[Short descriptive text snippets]
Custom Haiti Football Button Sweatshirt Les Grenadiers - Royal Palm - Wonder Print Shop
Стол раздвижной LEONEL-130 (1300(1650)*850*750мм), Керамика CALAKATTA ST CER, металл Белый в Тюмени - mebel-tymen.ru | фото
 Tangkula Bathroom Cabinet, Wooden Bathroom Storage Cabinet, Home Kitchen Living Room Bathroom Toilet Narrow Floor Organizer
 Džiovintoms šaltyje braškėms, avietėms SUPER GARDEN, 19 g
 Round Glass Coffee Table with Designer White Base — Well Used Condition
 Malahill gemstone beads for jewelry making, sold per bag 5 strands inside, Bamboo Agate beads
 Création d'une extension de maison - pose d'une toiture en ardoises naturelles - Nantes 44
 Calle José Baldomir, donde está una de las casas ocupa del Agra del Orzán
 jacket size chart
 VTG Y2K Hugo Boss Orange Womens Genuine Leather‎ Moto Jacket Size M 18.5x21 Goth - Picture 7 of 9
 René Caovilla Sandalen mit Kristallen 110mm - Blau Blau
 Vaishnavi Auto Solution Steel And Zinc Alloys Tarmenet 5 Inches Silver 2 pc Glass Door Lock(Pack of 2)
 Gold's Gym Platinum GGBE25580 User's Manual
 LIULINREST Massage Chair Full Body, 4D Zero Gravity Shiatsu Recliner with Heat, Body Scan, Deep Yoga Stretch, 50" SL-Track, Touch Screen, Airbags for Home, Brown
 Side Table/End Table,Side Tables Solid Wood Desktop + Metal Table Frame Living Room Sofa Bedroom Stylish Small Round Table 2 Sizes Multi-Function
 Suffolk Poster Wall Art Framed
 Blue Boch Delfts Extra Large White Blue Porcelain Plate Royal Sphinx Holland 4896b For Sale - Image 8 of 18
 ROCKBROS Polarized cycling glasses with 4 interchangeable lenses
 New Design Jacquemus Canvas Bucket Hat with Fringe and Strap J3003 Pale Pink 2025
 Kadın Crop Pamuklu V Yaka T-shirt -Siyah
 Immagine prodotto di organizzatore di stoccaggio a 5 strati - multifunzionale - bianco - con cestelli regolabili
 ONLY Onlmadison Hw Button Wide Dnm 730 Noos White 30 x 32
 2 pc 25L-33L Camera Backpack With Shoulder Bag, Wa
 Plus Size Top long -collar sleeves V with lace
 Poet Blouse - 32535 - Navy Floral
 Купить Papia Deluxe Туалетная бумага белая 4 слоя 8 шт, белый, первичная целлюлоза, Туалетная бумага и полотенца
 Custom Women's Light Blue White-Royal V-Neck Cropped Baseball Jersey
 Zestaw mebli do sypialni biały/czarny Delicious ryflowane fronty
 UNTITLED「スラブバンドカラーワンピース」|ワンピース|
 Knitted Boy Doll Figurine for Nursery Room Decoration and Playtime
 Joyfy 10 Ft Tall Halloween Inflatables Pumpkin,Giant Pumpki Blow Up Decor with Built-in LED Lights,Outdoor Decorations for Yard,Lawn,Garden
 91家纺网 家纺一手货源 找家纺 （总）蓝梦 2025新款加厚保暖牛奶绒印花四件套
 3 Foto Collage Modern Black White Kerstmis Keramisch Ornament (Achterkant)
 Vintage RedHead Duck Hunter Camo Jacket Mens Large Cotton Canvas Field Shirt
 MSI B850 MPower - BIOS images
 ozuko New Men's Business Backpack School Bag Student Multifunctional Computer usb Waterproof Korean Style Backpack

## Task brief
Reprint exactly the lines above that start at the one with "3 Foto Collage" and end at the one with "MSI B850 MPower - BIOS images", keeping both and adding none.

## Output for this task
 3 Foto Collage Modern Black White Kerstmis Keramisch Ornament (Achterkant)
 Vintage RedHead Duck Hunter Camo Jacket Mens Large Cotton Canvas Field Shirt
 MSI B850 MPower - BIOS images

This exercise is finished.